I think it just may have to do with what kind of environment they are in. I later figured out why there are so many more stray cats in close proximity to my apartment than in other neighborhoods. There is one old lady (they are always old it seems) that feeds the cats on a regular basis. I wouldn’t be surprised if she had names for all of them.
Anyway, cats are cats and they do what they please but they know who feeds them and that’s probably the most important thing? I can be wrong. I have never had a cat or any other pet.
I always love seeing the pictures of cats on your blog.

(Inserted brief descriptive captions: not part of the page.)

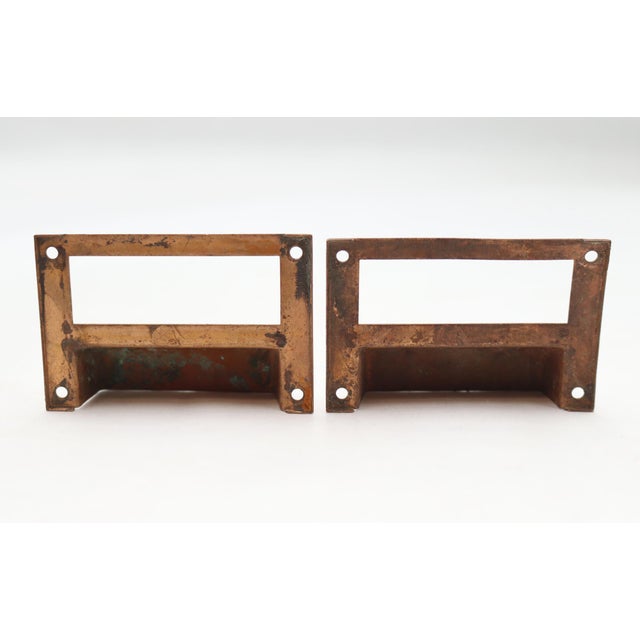 Vintage brass drawer bin pulls with a copper-bronze finish and label slots. The original mounting screws are not...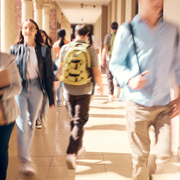 Students walking along a campus pathway, suggesting the transition from college learning to professional practice.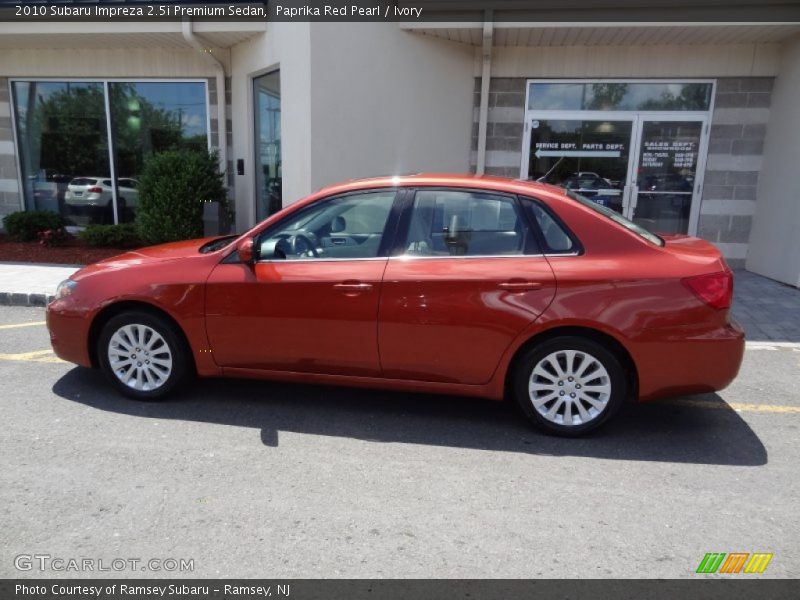 Paprika Red Pearl / Ivory 2010 Subaru Impreza 2.5i Premium Sedan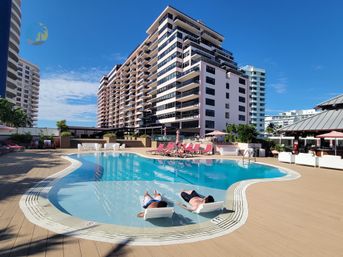 Sunny resort pool and deck with two people relaxing on in-pool loungers, pink chaise lounges and coastal high-rise condos under a bright blue sky.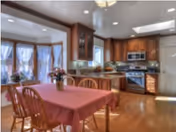 A bright kitchen and dining area with wooden floors and cabinetry. The dining table is covered with a red tablecloth and surrounded by wooden chairs. The kitchen features stainless steel appliances including a microwave and stove, with a window above the sink letting in natural light. There are decorative plants and flowers on the table and counters.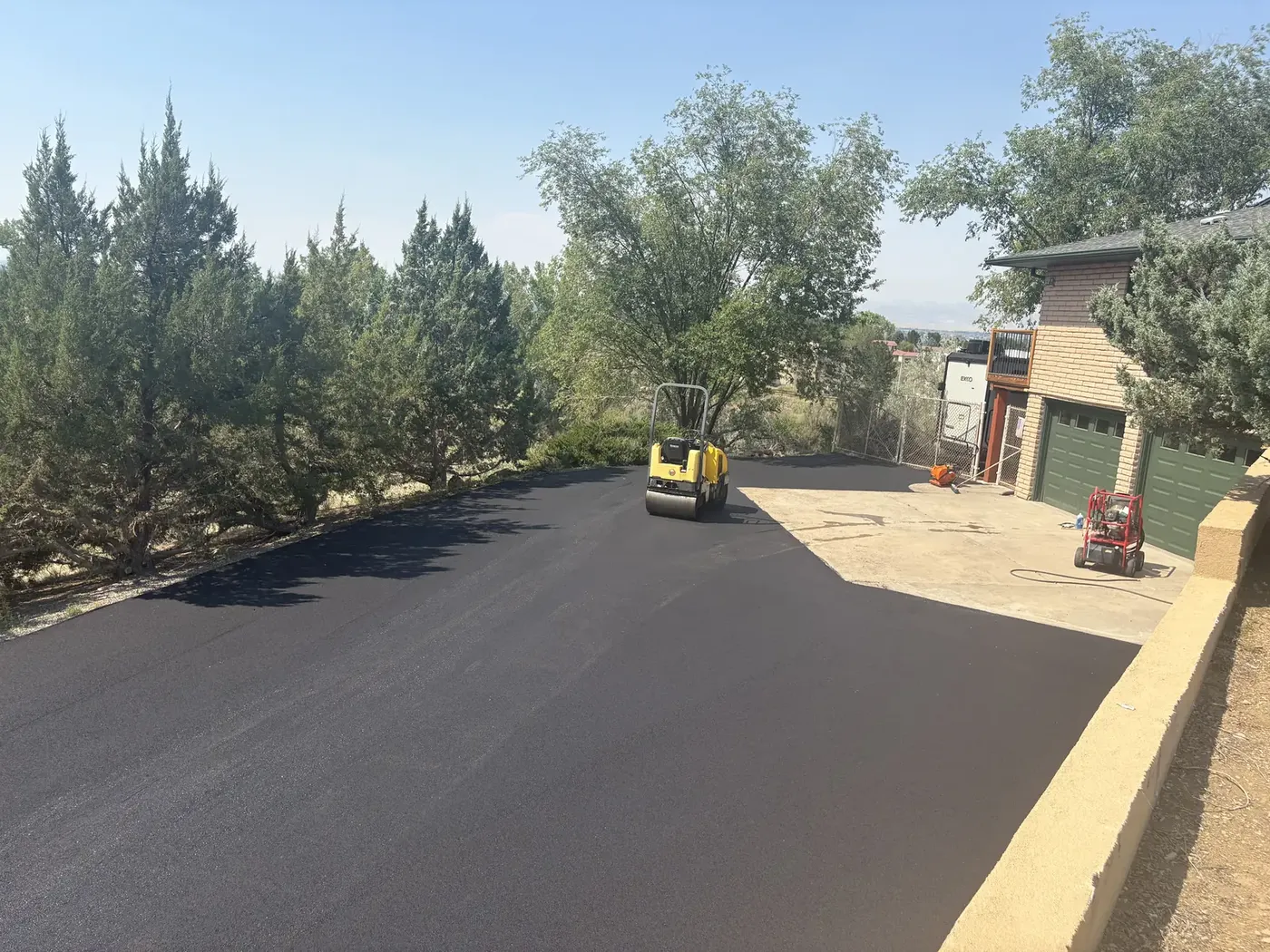 Roller compacting fresh asphalt on a commercial lot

We have old ladies feeding stray cats in Belgium as well. In the town where I live, the cat ladies even organized into a non-profit organization to help stray cats and to neuter them and find new homes for the kittens.
I have always had cats myself. My experience is indeed that cats do as they please and that the only way to get them to do what you want is to ask nicely and hope for the best. My cats could be very affectionate, and loyal too, but only if their personal autonomy was respected. I guess that pretty much comes down to not forcing the cat and letting it preserve its dignity.
So I cannot imagine walking around with any of the cats I’ve had in the same way as the guy in the pictures is doing. They would wriggle to get free and run away, maybe even scratching or biting me in the process. That is why I was so amazed whenever I saw the things that I described in this post.
Totally agree. My best friend’s cat pretty much does the same as the cat with the guy pictured though. He will go out leashed, go on boat outings, i.e. on water, when at home, doesn’t ming being held or perhaps he just bears all of it whether he likes it or not!